I'll probably try that - I did a few experiments now I have HWInfo installed.
Curiosity got the better of me and I thought I'll see how far I can push the RAM frequency-wise first anyway. I got to 3866 with the same timings as 3600, then I got to 3933 with loosened by 1.
Bandwidth increased (though I realise when I've saved enough dual channel will give me much more performance but it's not an option right now). Only by 3866 voltage was automatically occasionally requested at .1.40V only on the detailed fabric on Cinebench then it would go back to 1.35V. This happened for milliseconds, twice in the render.
On 3933 I got regular 1.40V though it would still drop back, and the occasional 1.60 spike. Still - it passed memtest, I've been using the games which crashed at 3600 with tighter timings, I've ran compiles and everything is rock solid at that frequency.

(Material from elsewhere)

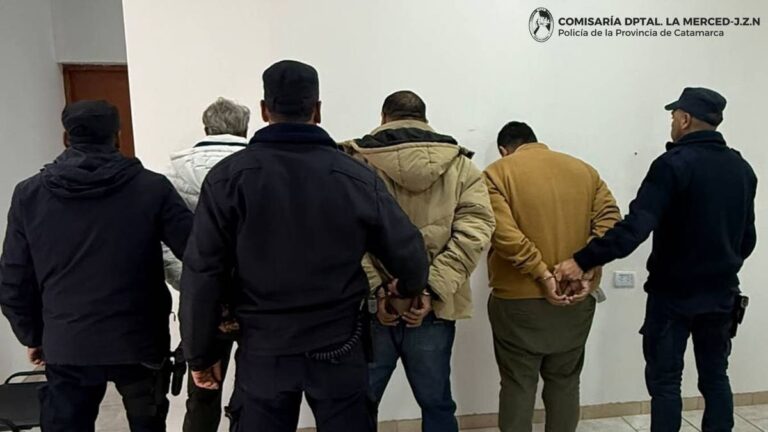 Móvil policial en el lugar del incendio en calle Esquiú, centro de la Capital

I did try 4000MHz and loosening timings by 1 or even 2 again, but I got a black screen on post, however sometimes the HDD light would show for my boot drive and I'm just thinking as it's integrated graphics, the loose timings were just too loose for it to keep a display and it was probably functioning, and maybe even an actual graphics card would have resulted in a display. I think the absolute maximum on DRAM calculator was 4133 which was probably fairly accurate in that case, only 2 tweaks off that, and the latency increases won't make it worth it. I just wanted to see the magic number 4000 but... it wouldn't have gained anything over 3933 other than to show off and would have probably been the same or worse throughput.

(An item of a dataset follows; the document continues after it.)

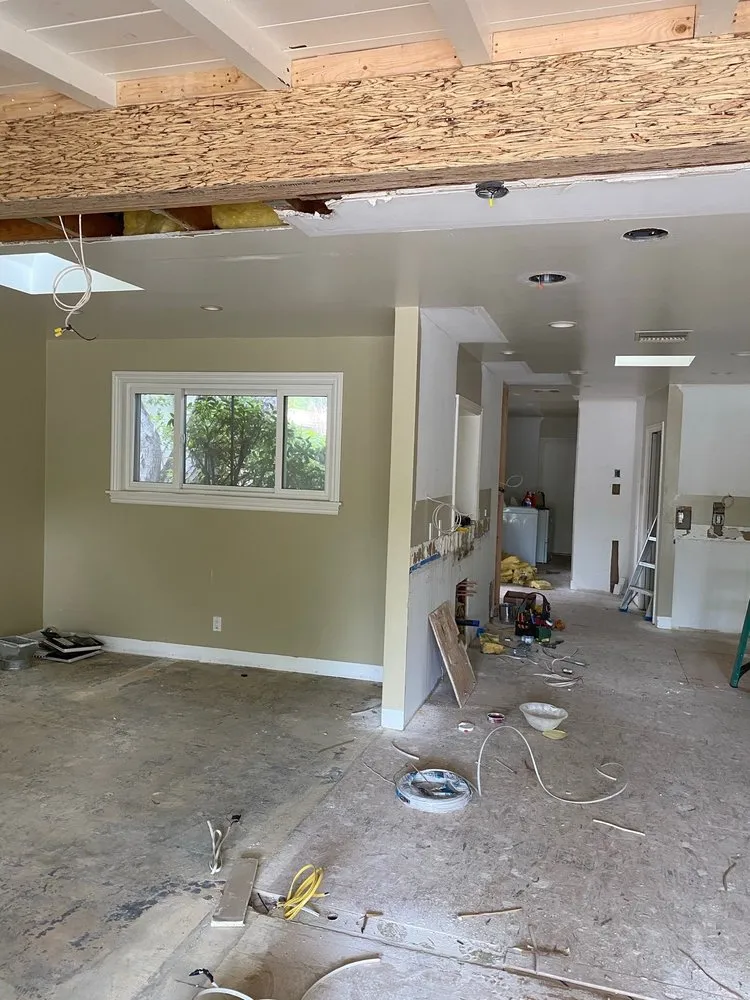 Reliable electrician providing wiring installation in Encino, CA - Go Green Electric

Still.. after reading that F die RAM might not be good - a lot of those posts were from a year or two back, and maybe the process has been refined a bit as I wasn't expecting anything over 1 increase in frequency before instability.
Of interest to you will be the fact it is PC25600, 2400T downbin, so for it to reach these heights is probably actually an achievement.
I think the reason it has done so is that the chips don't use as much voltage generally. The motherboard has done a really good job on auto voltage, or the memory stick has done a really good job of only requesting what it needs.
I only have one question if I could've prevented a black screen (but system working by the sounds of it) by a SOC increase, as I've never increased it only the iGPU SOC. Maybe that would have given the memory controller a bit more but... I'm not going to bother with 4000 now, 3933 and a very stable overclock of RAM. Considering it is playing well with a +300MHz iGPU overclock and a PBO with no crashes - none, not the faintest data corruption yet. I realise longevity may be a sacrifice but, again with voltages being very good (I've seen posts where people have had to push 1.25 to the iGPU to get +300MHz or even +200Mhz), and with Core Optimisation enabled, I think I am very lucky overall. The only thing I haven't tried is LoadLine Calibration for the CPU to even out things, I've seen MSI boards like the number 4. I might give that a go next before anything else.